*Extracted entries*.
-*-

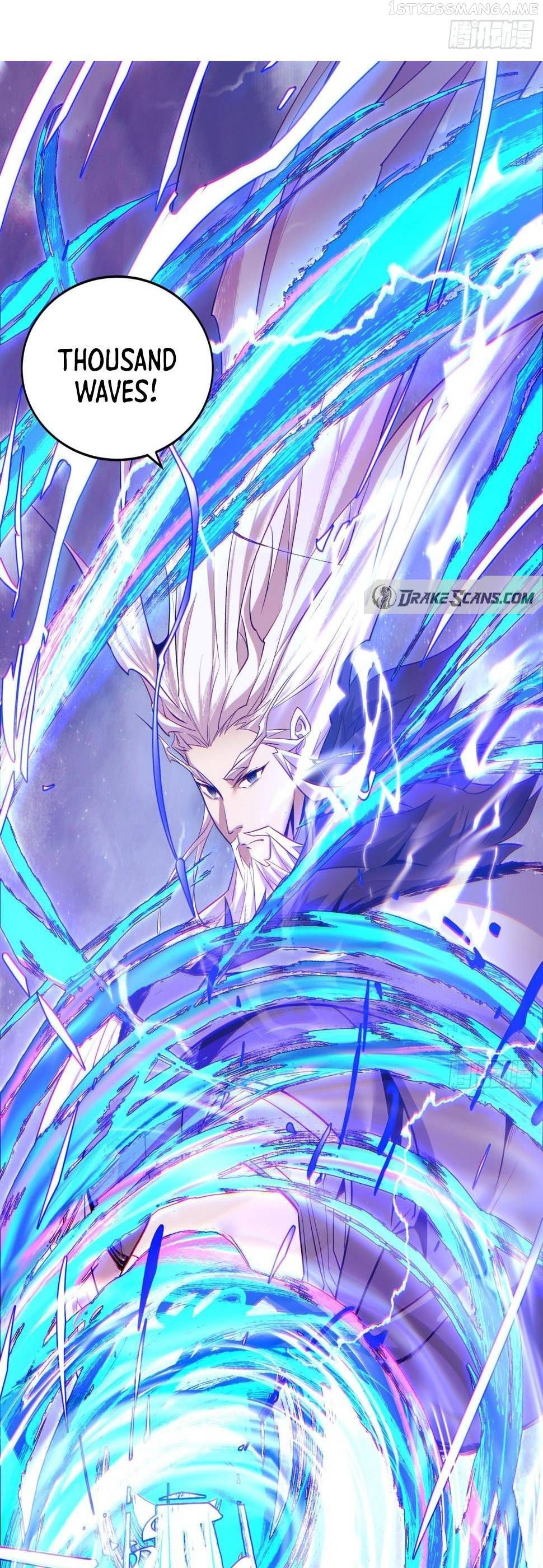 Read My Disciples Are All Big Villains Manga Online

-*-

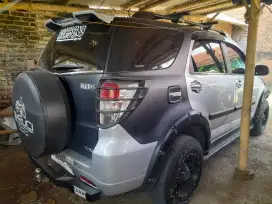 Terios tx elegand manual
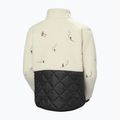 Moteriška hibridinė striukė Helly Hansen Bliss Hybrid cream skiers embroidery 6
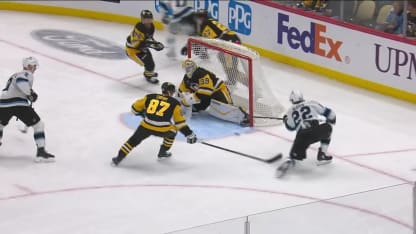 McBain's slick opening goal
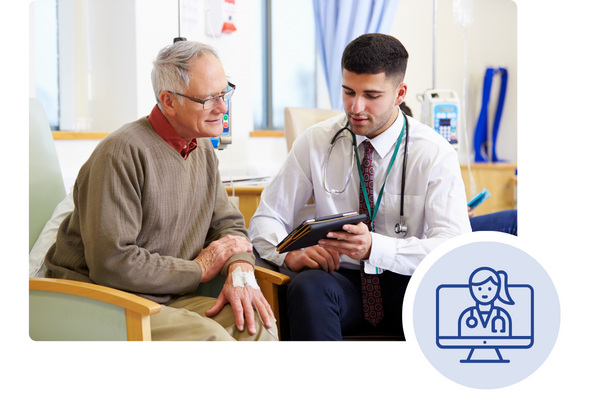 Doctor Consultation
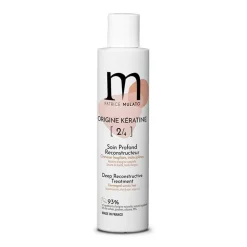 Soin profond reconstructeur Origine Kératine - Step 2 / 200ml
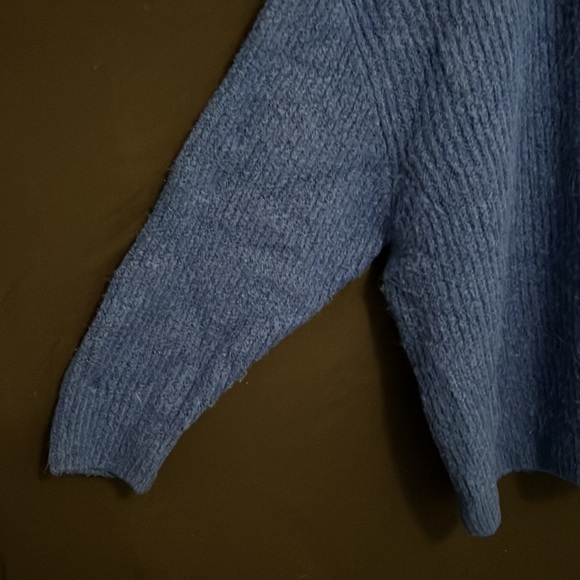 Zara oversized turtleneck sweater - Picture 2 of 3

-*-

*What the task asks*. Above are some records. Output exactly the lines from the one that contains "Soin profond reconstructeur" to the one that contains "Zara oversized turtleneck", keeping both, and omit the pictures.

*Written solution*.
 Soin profond reconstructeur Origine Kératine - Step 2 / 200ml
 Zara oversized turtleneck sweater - Picture 2 of 3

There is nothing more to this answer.